April 01, 2007

 

Google's Teaspoon Project...

Just have to promote google's teaspoon project. Read carefully, it's very easy to follow and you might be tempted to order this kit from google... Before you do, don't forget it's April 1 today... :-)

Have been slacking off here with the tech advice. Sometimes I get very surprised what can stump people. Some things that are second nature to many of us is so new to others that we just don't realize that we no longer remember the beginning of the learning curve.

One of my friends is just now getting her feet wet on the Internet. She wants to use email and surf a little. That's all. I've set her up with the google bar in her browser and she is searching and finding already like a pro. She is fine with sending emails or responding to them. But as soon as she wants to save an attachment and find it again later, or use anything else but 'Send' or 'Reply' she gets into trouble. Here is a great website for beginners.

I keep repeating to her that much of what you can do in the program you are in is already on your screen. Read your screen. There are certain conventions that are the same from program to program. The most obvious or context relevant functionality is shown as icons. In a browser those would be icons like 'Back', 'Forward', 'Refresh', 'Stop', 'Home', etc. In your email program the icons are probably 'New', 'Print', 'Delete', 'Reply', 'Forward', 'Send/Receive', etc... you get the picture.
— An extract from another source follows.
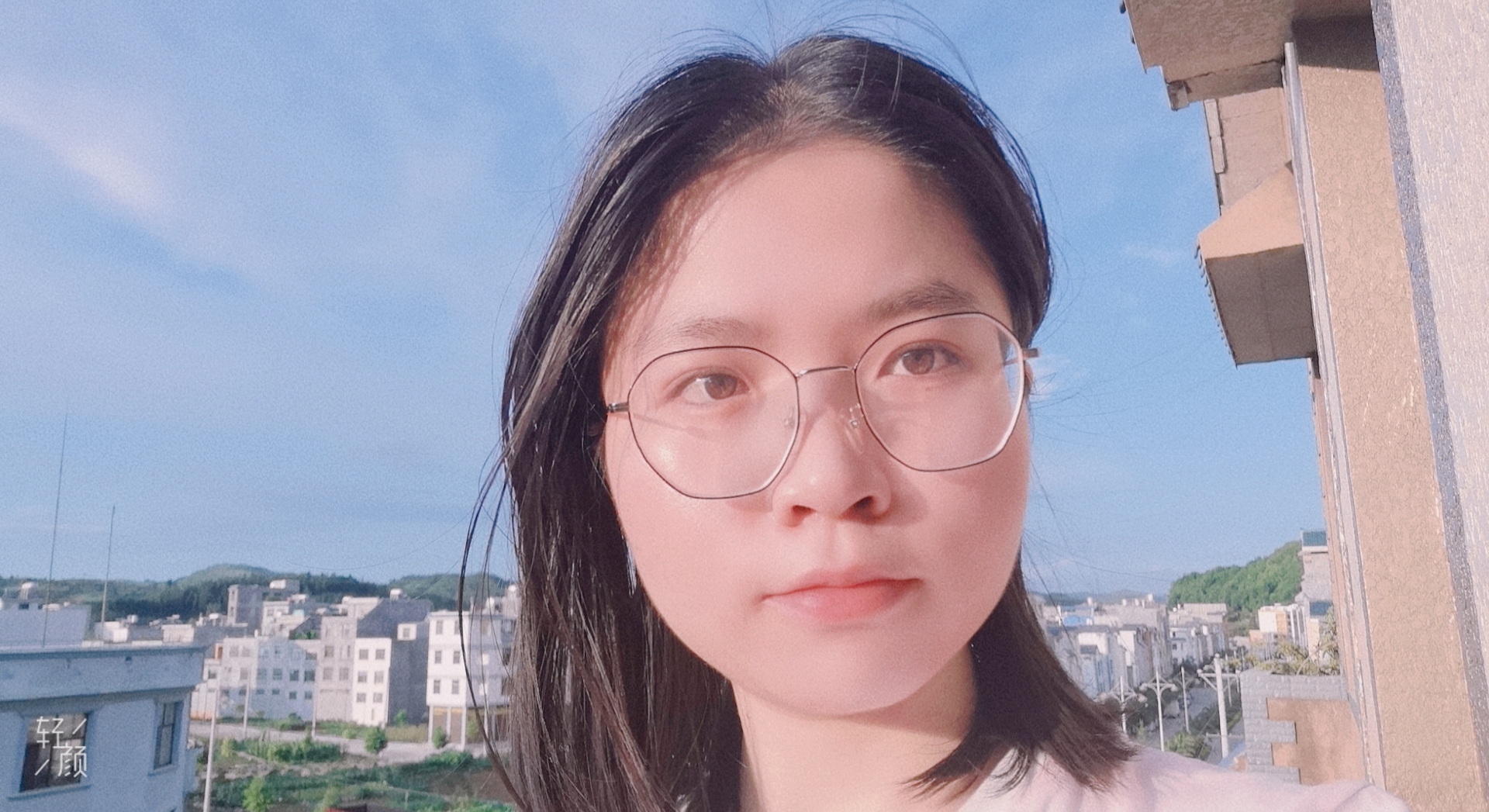李教员 照片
Where it gets a bit more involved is in the menu bar at the very top of the window. Most programs have: 'File', 'Edit', 'View', 'Tools', 'Help'. Clicking on those menus will reveal to you what you can do with the program you are in. Explore them. Every time you want to do something and are not sure how, look at the screen, read what's right in front of you, click on those menus and check what is available to you.

The most important one of those menus is 'Help'. Start using 'Help', pressing [F1] will bring up the program's 'Help', use it and learn.